Perley A. Thomas Car Works
Industry Transportation
Fate Renamed Thomas Built Buses (1972)
Successor Thomas Built Buses, Inc
Founded High Point, North Carolina, 1917
Founder Perley A. Thomas
Defunct 1972
Headquarters High Point, North Carolina
Area served
North America
Products streetcars
school buses

Perley A. Thomas Car Works, Inc. was a 20th-century builder of wooden and steel streetcars, based in High Point, North Carolina in the United States. It was named for its founder, Perley A. Thomas. Thomas had been employed by Southern Car Works in High Point, then formed his own company when Southern went out of business.

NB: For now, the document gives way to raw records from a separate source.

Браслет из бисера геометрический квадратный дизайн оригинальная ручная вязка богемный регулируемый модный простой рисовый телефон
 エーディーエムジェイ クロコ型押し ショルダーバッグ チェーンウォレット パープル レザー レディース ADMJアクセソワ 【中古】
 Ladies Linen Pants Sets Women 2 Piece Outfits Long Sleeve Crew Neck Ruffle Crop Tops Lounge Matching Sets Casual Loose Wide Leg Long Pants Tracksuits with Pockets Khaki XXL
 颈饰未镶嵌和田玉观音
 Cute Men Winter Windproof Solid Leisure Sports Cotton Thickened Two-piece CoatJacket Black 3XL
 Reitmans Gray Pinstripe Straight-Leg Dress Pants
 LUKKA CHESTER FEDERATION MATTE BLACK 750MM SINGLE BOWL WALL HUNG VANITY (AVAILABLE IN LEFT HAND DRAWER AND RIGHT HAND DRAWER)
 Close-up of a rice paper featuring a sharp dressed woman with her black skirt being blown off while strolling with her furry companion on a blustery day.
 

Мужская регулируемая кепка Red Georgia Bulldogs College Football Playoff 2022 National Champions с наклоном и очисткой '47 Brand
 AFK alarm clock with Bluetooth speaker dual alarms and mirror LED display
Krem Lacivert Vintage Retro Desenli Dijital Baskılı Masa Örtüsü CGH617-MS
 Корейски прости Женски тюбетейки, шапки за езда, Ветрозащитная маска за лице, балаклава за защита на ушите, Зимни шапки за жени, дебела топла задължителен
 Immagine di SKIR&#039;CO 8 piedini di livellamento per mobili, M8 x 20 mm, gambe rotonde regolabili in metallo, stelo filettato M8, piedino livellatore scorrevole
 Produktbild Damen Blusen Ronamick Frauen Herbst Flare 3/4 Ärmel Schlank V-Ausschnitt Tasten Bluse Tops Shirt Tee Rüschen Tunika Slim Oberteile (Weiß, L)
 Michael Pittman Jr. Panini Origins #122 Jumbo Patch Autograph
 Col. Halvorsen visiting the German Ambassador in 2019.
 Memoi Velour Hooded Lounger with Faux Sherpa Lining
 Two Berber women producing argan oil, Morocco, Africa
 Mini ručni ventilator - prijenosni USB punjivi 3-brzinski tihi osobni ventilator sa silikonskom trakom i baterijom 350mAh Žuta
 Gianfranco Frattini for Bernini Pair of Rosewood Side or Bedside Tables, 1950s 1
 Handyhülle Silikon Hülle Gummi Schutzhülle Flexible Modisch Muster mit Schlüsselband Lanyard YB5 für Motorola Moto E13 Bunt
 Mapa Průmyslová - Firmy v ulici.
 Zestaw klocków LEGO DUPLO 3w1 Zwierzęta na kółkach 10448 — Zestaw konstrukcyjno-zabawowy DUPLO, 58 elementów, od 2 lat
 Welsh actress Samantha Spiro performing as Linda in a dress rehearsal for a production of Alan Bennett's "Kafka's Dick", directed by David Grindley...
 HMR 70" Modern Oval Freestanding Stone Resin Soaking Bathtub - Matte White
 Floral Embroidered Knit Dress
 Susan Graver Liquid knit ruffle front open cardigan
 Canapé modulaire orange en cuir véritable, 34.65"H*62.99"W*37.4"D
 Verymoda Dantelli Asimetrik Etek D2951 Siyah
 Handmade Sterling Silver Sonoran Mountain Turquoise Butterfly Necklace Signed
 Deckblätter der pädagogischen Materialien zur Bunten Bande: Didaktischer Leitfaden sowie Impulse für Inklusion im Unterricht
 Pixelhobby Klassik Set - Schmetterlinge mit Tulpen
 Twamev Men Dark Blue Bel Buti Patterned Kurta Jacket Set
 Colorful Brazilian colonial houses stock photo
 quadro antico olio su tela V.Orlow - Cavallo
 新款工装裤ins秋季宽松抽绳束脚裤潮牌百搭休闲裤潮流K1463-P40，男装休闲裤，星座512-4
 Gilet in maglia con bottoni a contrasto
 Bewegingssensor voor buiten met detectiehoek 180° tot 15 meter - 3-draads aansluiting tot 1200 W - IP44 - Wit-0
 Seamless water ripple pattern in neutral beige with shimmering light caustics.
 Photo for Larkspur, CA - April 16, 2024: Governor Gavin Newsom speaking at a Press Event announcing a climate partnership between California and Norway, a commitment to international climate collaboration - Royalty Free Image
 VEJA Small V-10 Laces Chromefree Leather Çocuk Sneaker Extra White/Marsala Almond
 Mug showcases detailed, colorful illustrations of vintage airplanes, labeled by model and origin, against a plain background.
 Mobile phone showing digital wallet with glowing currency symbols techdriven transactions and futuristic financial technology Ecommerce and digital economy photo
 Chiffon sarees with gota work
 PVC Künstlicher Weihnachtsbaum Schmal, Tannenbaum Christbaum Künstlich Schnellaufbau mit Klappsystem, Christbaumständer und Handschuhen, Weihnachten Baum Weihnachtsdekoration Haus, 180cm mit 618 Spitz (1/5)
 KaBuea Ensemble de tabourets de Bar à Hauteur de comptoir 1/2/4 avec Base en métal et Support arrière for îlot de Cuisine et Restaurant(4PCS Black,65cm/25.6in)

The company built many of the wooden electric overhead-trolley powered streetcars used throughout the United States primarily in the first half of the 20th century. Known for their workmanship and durability, some of the cars built by Perley A. Thomas Car Works in the early 1920s are still operating today in New Orleans. Thomas based the design of these cars on New Orleans' first order for double-ended, double-trucked, arch-roofed electric streetcars, the 400-series from Southern Car Works.

A famous Tennessee Williams play and later film of the same name was set in New Orleans, Louisiana where Perley A. Thomas streetcars were operated on the Desire line around the period of 1947 in which the story was set, hence the name: A Streetcar Named Desire.

The Perley A. Thomas Car Works was reorganized as Thomas Built Buses, Inc., and became one of the three principal builders of large school buses in the United States by the end of the 20th century. It is still based in High Point, and is part of Freightliner Trucks of Daimler AG.

Perley A. Thomas, who died in 1958, was inducted into the North Carolina Hall of Fame.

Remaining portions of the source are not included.